Task requirements >> Omit every picture while you reproduce the entries that follow word for word.

(Crawled caption data)
==============================
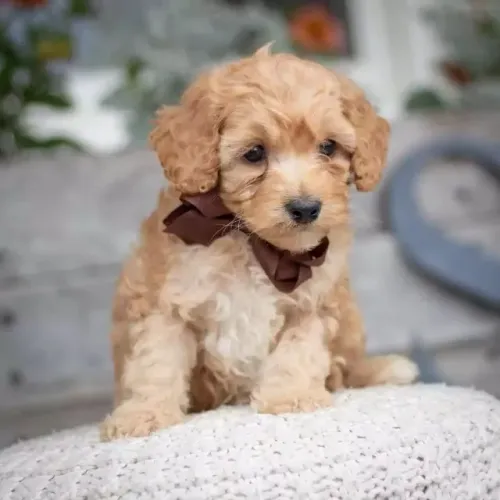Poodle - Pequenos campeões de fofura e companheirismo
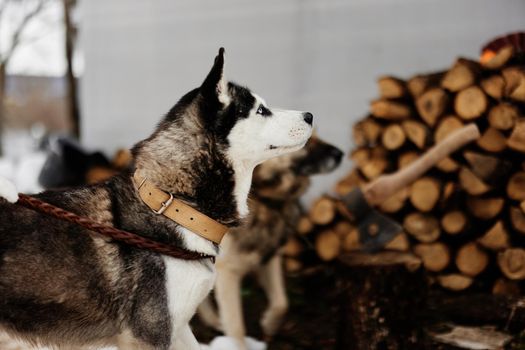 two dogs on a leash on a walk outdoors in winter. High quality photo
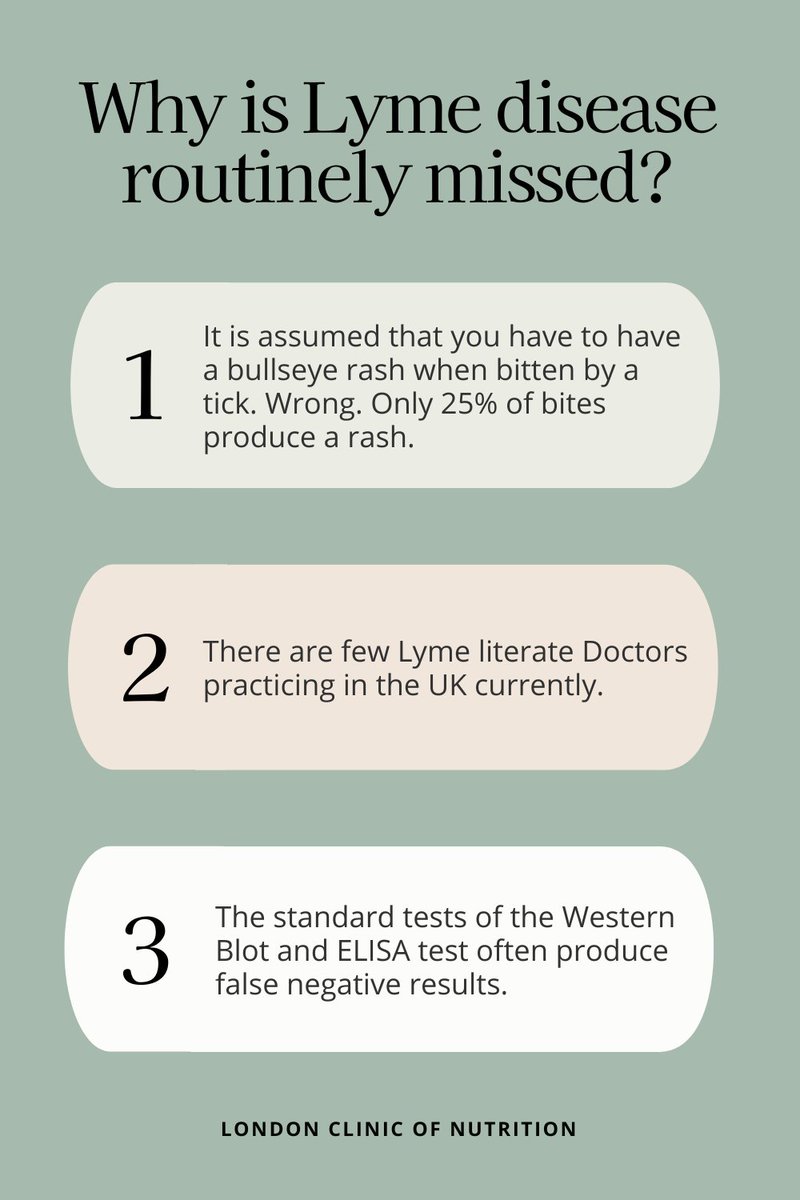 #LymeDisease symptoms mimic many different diseases, meaning GPs routinely misdiagnose.
We use #Lyme testing from specialist labs, alongside comprehensive blood chemistry and take a detailed case history to get an accurate understanding.

bit.ly/3TanemP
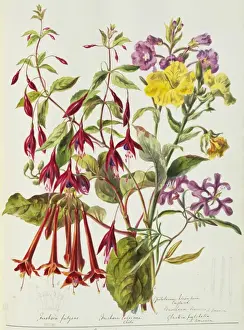 Biodiverse Prints: Various flowers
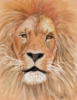 Схема вышивки «Lion»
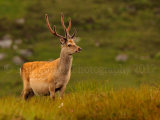 Sika Deer 1194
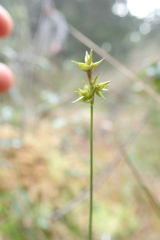 Carex echinata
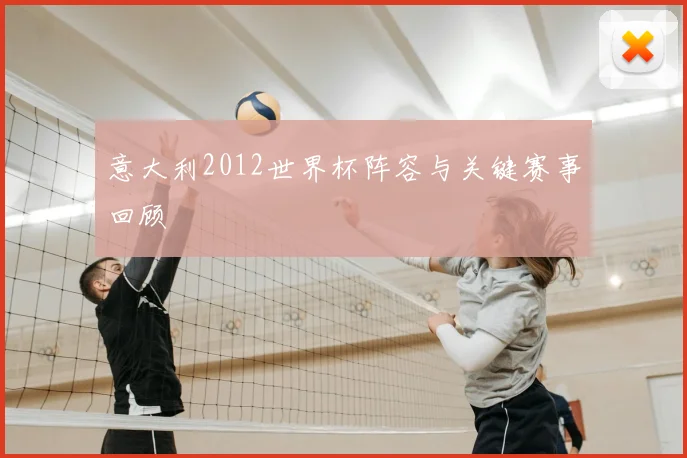 意大利2012世界杯阵容与关键赛事回顾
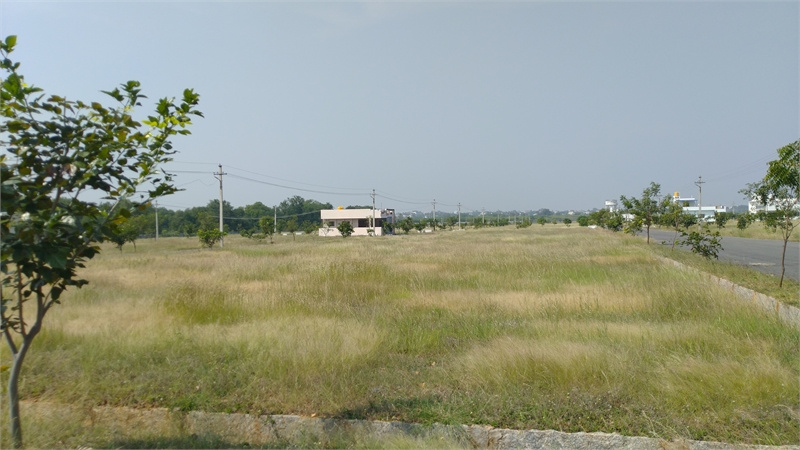  Residential Plot 1500 Sq.ft. for Sale in Hindupur, Anantapur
==============================
Expected output >>
Poodle - Pequenos campeões de fofura e companheirismo
 two dogs on a leash on a walk outdoors in winter. High quality photo
 #LymeDisease symptoms mimic many different diseases, meaning GPs routinely misdiagnose.
We use #Lyme testing from specialist labs, alongside comprehensive blood chemistry and take a detailed case history to get an accurate understanding.

bit.ly/3TanemP
 Biodiverse Prints: Various flowers
 Схема вышивки «Lion»
 Sika Deer 1194
 Carex echinata
 意大利2012世界杯阵容与关键赛事回顾
  Residential Plot 1500 Sq.ft. for Sale in Hindupur, Anantapur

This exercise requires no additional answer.